Statistics are clear: 40 to 60 percent of people who receive treatment for substance abuse will also suffer a relapse.
This doesn’t mean treatment failed, people shouldn’t seek medical assistance for substance use disorder (SUD), or someone is doomed to a life of addiction.
A relapse is an indicator of many factors:
- A need to develop stronger awareness for potential triggers that prompt SUD
- Identification of key stressors—which may differ from triggers—in order to create a better path of wellness
- Behavioral modifications to address co-occurring mental health issues
- The rehabilitation plan needs modification, such as a different course of treatment or an extended period of care
These are only a few possible reasons why someone may experience a relapse. Each individual has unique characteristics that resulted in addiction. Each one of them needs to be explored in order to treat the condition and develop whole body wellness.
It’s important to remember that addiction is a brain disease and a chronic illness. It may not always be “cured,” but as the National Institute on Drug Abuse stresses, it’s treatable and can be managed effectively.
Physician Lance Dodes puts it this way: “The urge to drink or use drugs is not an enemy to be summarily vanquished but a signal to ferret out the root cause.” In an article for Psychology Today, he describes the feelings of helplessness, loss of control, compulsiveness, trauma, isolation, displacement, and other reasons why people suffer from SUD.
How the brain prompts triggers isn’t exactly clear. But, researchers suggest it may happen in the following ways:
- Sensory experiences and memories have a lot of power, and sometimes cause an emotional response before someone realizes he or she is feeling uncomfortable or upset.
- Habits play a large part in the process. A seemingly harmless rote action that can happen without conscious thought may trigger an urge to use.
So, if certain triggers are ingrained in your psyche but aren’t brought to light, a relapse is possible. It’s important to be willing to look below the surface and examine all aspects that may contribute to triggers. While some people may resist any need to “navel gaze,” when you understand the root causes of addiction, you regain control over your life.
Internal triggers may include feelings and thoughts, such as “I can’t deal with my job if I don’t use” or “The only way I can be physically intimate with someone is if I’m high.” Emotional sensory responses as a result of trauma in any form, at any age, are huge catalysts for SUD. Physical sensations, such as panic, fatigue, or pain, may also be triggers.
External triggers can be people, places, things, or situations. You may run into a former lover and remember negative aspects of the relationship. Visiting friends in “the old neighborhood,” attending a sporting event, or other social activities may prompt memories of using. Seeing painkillers in someone’s medicine cabinet can spark a craving. Not being able to deal with conflict creates havoc on your support system.
Find Healthy Ways to Deal with Stress
Once you understand your triggers, how do you control them before there’s a relapse?
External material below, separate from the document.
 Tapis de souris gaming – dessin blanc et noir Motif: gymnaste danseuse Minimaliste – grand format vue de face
The answer is that you must learn to effectively deal with stress and anxiety.
One key point to remember is the acronym HALT, which means:
- H: Hungry
- A: Angry
- L: Lonely
- T: Tired
Any one of these feelings can increase stress and anxiety levels. On one hand, caring for basic needs such as a proper diet and better sleep may be an easy process once you’re aware of the problem. On the other hand, feeling angry or lonely can circle back to root causes of addiction, and may need professional assistance.
There’s no one method for stress or anxiety management that works for everyone. During rehabilitation, someone may learn a number of different coping mechanisms such as:
- 12-step and other support groups
- Exercise, such as yoga, running, tai chi, or swimming
Other contributing factors for stress may be trying to do recovery “the right way” or being impatient about your progress. Some people become discouraged and think “What’s the point?” before they relapse.
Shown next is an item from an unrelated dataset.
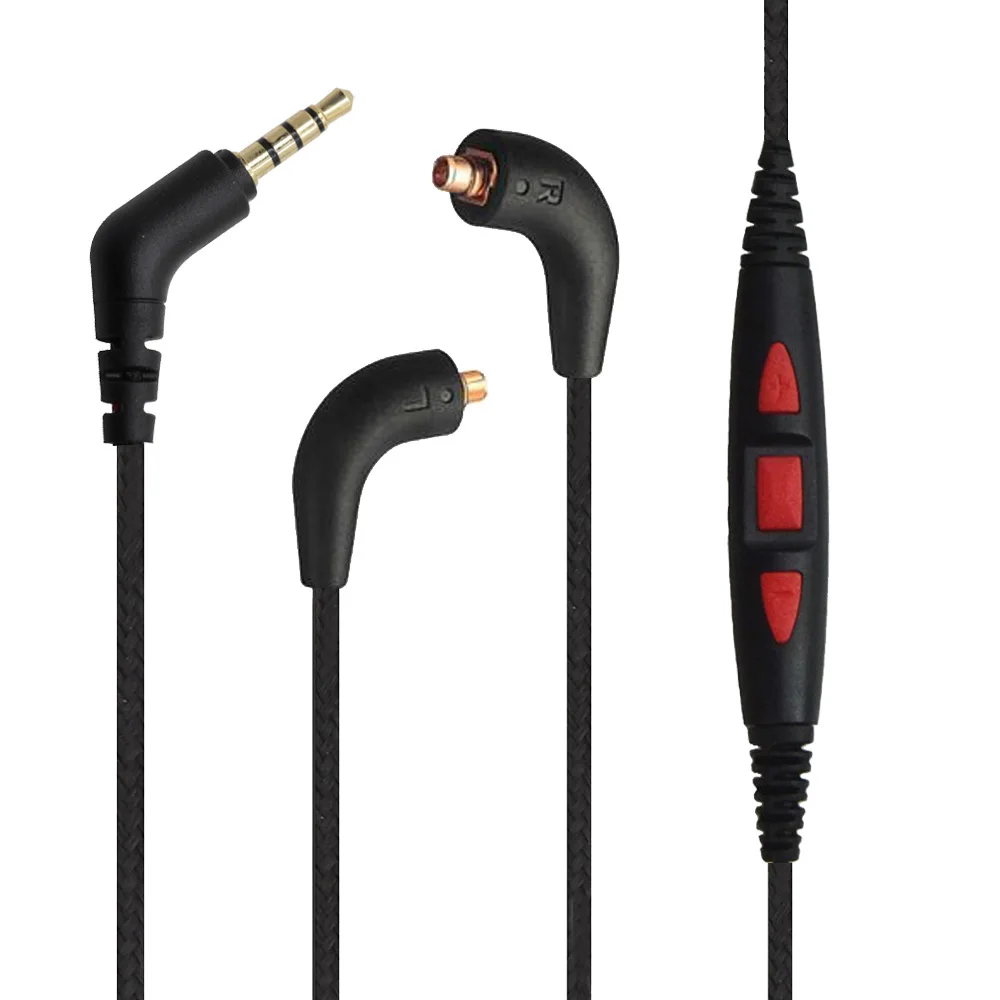 Shure SE215 315 SE425 SE535 SE846 용 포야투 이어폰 케이블 코드, 원격 마이크 포함, 볼륨 조절, 삼성 아이폰 안드로이드용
Be compassionate with yourself in recovery. Addiction doesn’t happen overnight, and neither will wellness. Trust you have the tools to continue to create the healthy life you deserve.
Address Co-Occurring Conditions
Unfortunately, SUD and mental health disorders often co-occur. Experts agree that one doesn’t necessarily cause the other, but behavioral or emotional problems frequently present in alcohol and drug addiction, even if they’re subclinical—meaning they’re not severe enough to be separately diagnosed.
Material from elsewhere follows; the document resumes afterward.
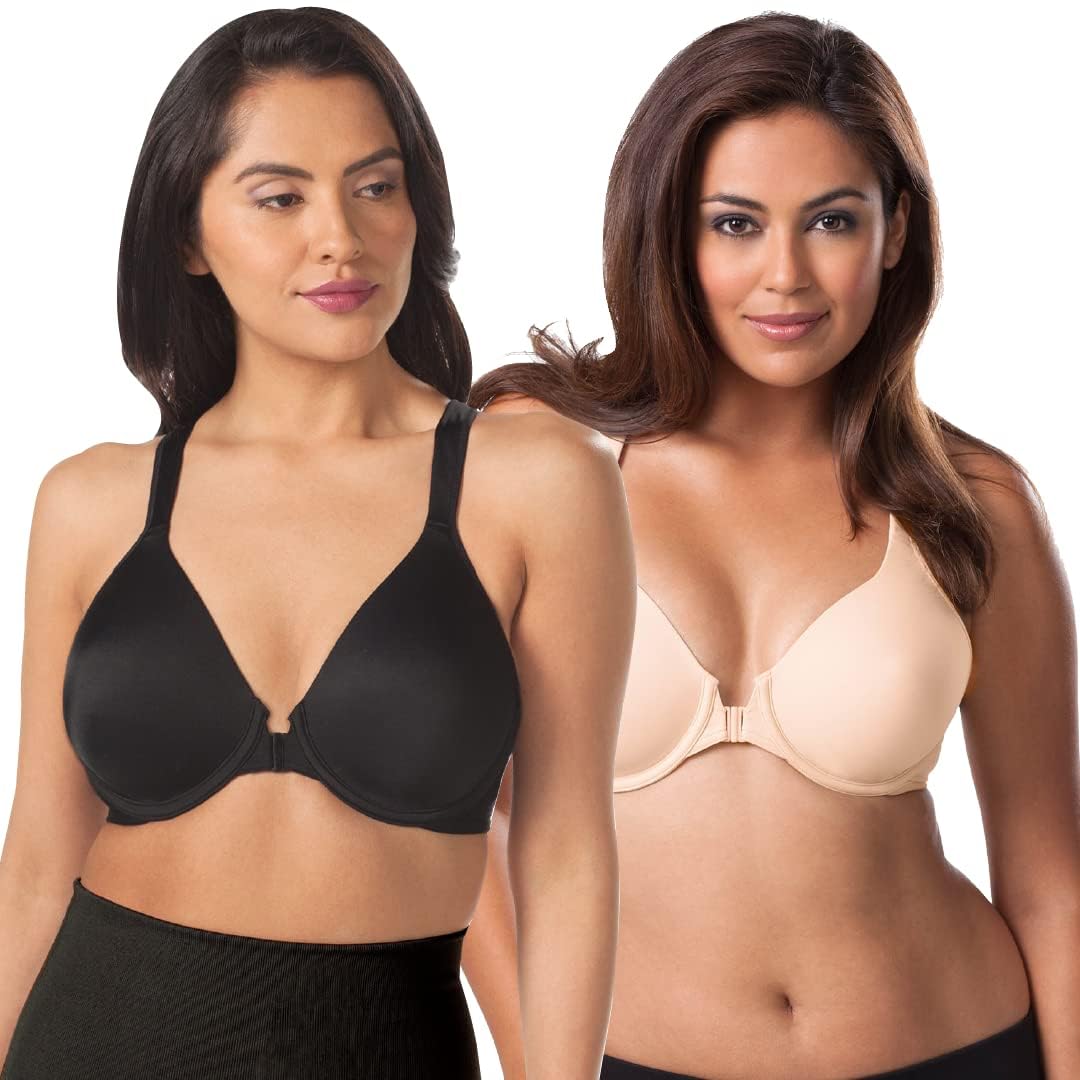 LEADING LADY Brigitte Racerback Front-Closure Bra - Molded, Padded, Seamless T-Shirt Bra for Women | Plus Size Support | Perfect for Yoga, Workouts & Everyday Comfort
Consequently, if mental health issues aren’t treated effectively, relapse is possible, as they may contribute to the root cause of triggers and stressors. In addition, if SUD is contributing to mental illness and it’s not treated properly, relapse may also happen.
Consider Advanced Treatment
No one wants to think about the possibility of relapsing, but as you learn more about your individual addiction causes and concerns, the easier it will be to design a comprehensive treatment plan and continuum of care program. This may include a return to rehab, different medical approaches, and perhaps an extended or transitional sober living program.
Preventing relapses is part of managing your condition. Acknowledging that your wellness requires devoted attention isn’t an admission of weakness. It demonstrates the value you place on a life of full health.